> _EXERCISE REQUIREMENTS_:
Please restate each line of the material word for word and omit any pictures.

> _GIVEN DATA_:
++++++++++

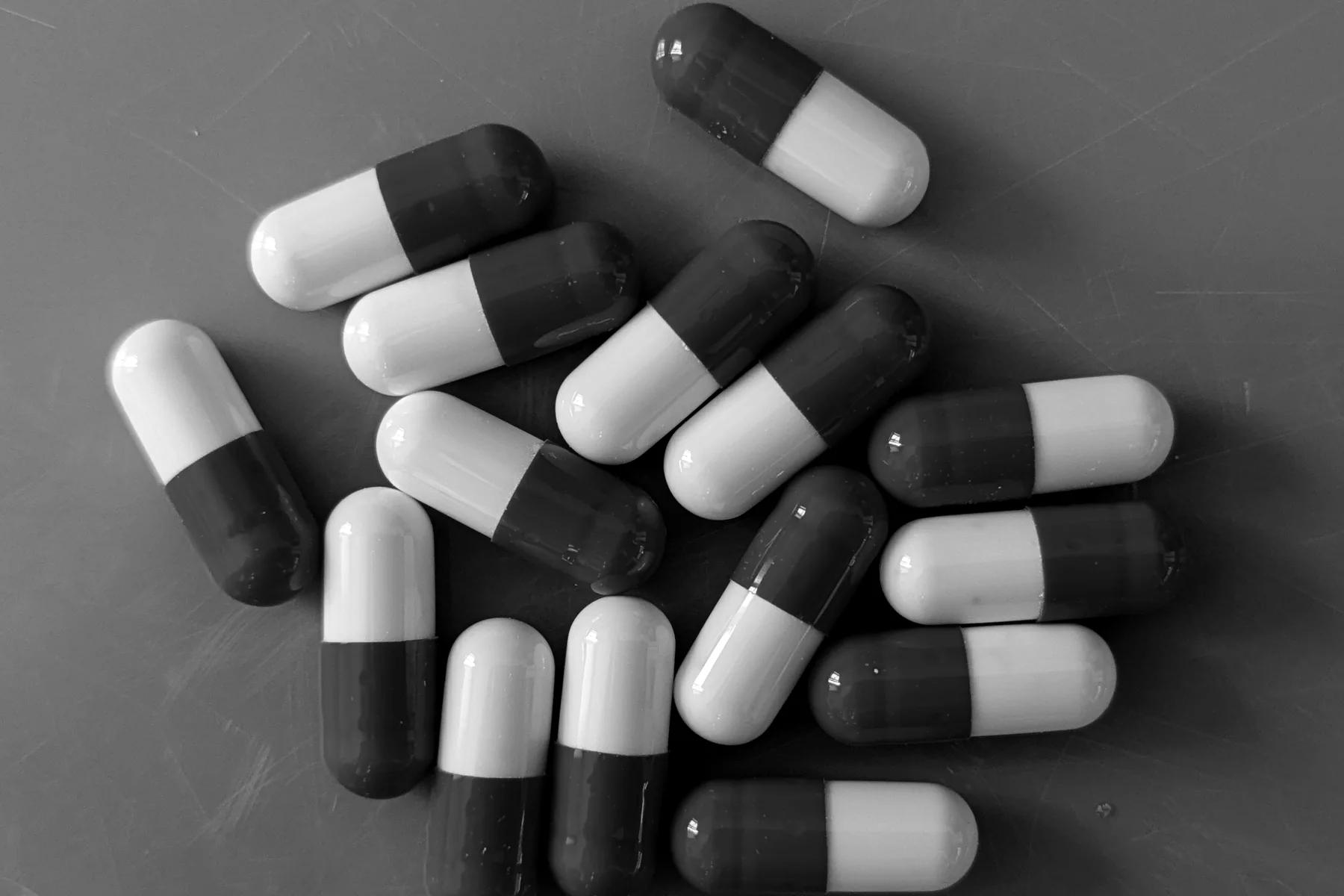 A pile of two-tone capsules on a grey surface, in black and white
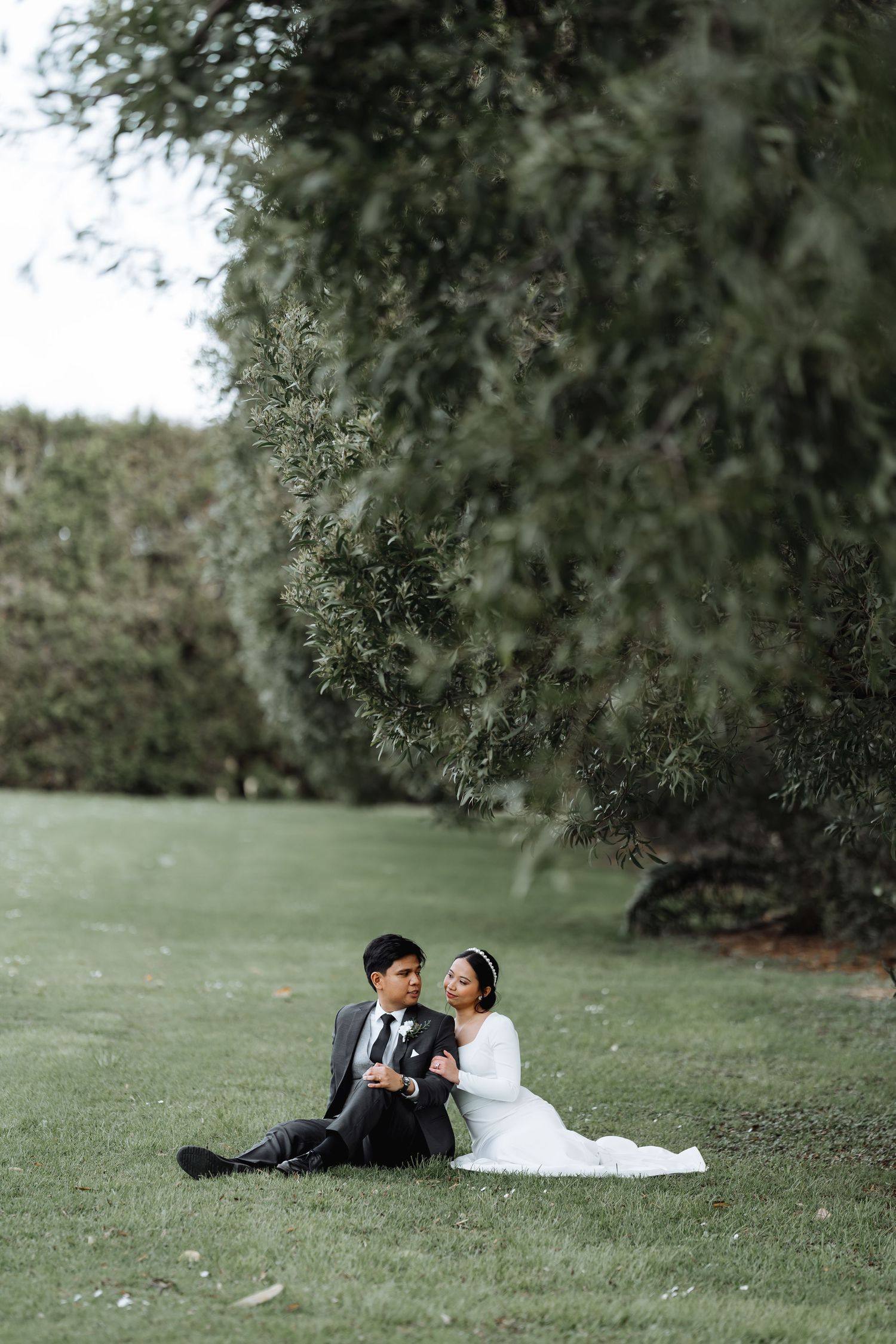 Couple sitting on grass having intimate moment under overhanging tree branches.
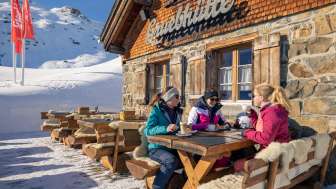 Three friends enjoy coffee on the sun terrace of the Gruebhütte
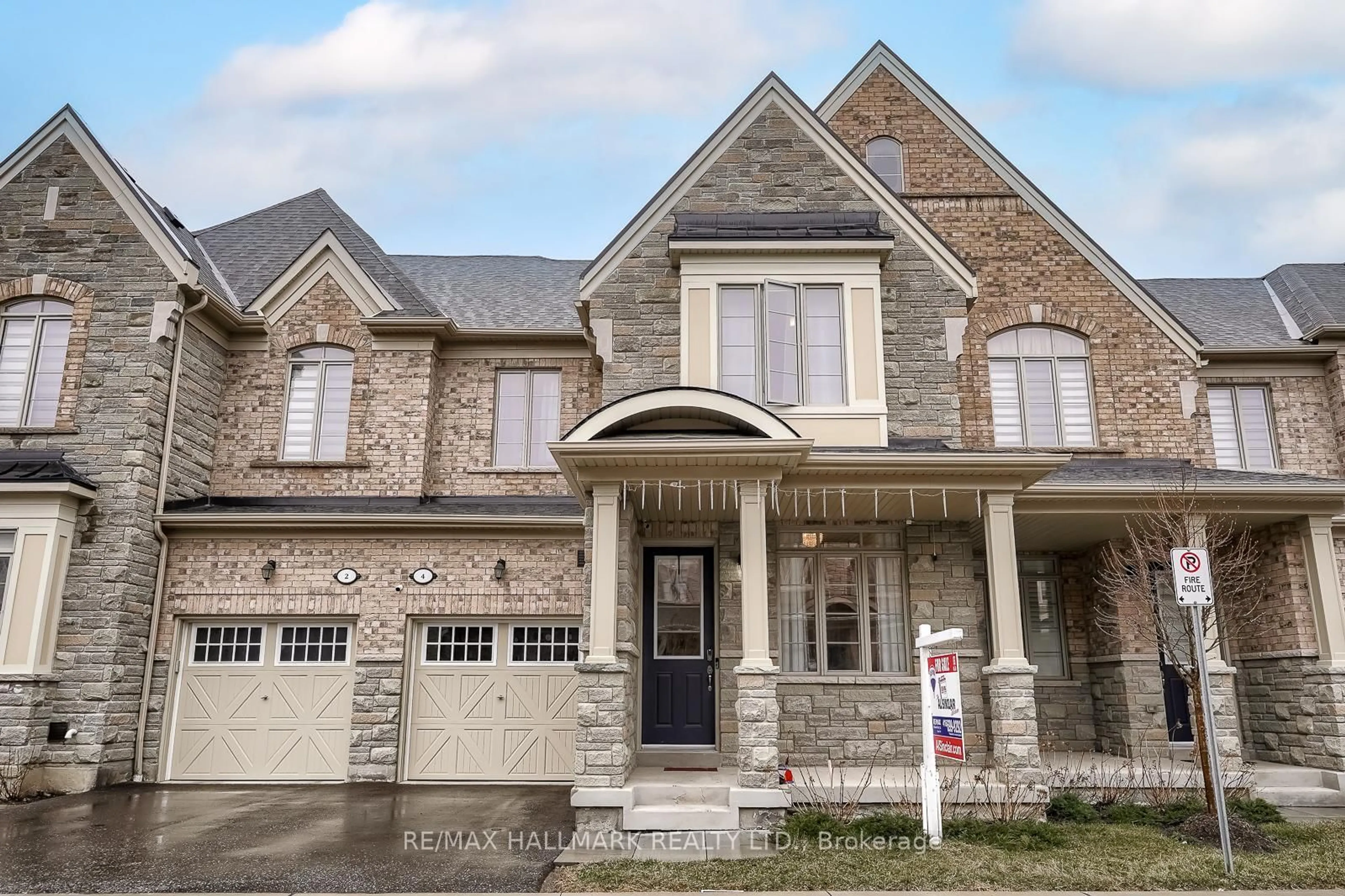 Home with brick exterior material, street for 4 Hickling Lane, Ajax Ontario L1T 0N6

++++++++++

> _ANSWER FOR THIS EXERCISE_:
 A pile of two-tone capsules on a grey surface, in black and white
 Couple sitting on grass having intimate moment under overhanging tree branches.
 Three friends enjoy coffee on the sun terrace of the Gruebhütte
 Home with brick exterior material, street for 4 Hickling Lane, Ajax Ontario L1T 0N6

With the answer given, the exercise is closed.